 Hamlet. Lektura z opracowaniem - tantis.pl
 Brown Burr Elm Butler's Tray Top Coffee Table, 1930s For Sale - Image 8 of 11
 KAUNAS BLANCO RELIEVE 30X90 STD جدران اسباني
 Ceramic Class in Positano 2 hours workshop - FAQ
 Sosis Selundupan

..............................

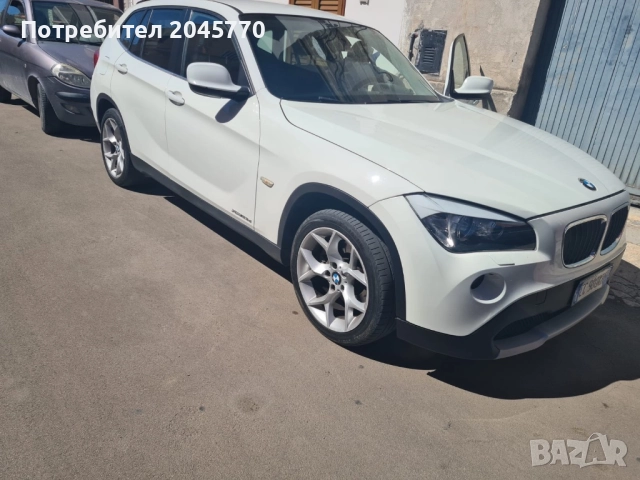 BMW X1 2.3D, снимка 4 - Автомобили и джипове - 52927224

..............................

In the listing above, find the line with "KAUNAS BLANCO RELIEVE 30X90 STD جدران اسباني" and the line with "Sosis Selundupan"; output exactly those lines and all lines between them.

 KAUNAS BLANCO RELIEVE 30X90 STD جدران اسباني
 Ceramic Class in Positano 2 hours workshop - FAQ
 Sosis Selundupan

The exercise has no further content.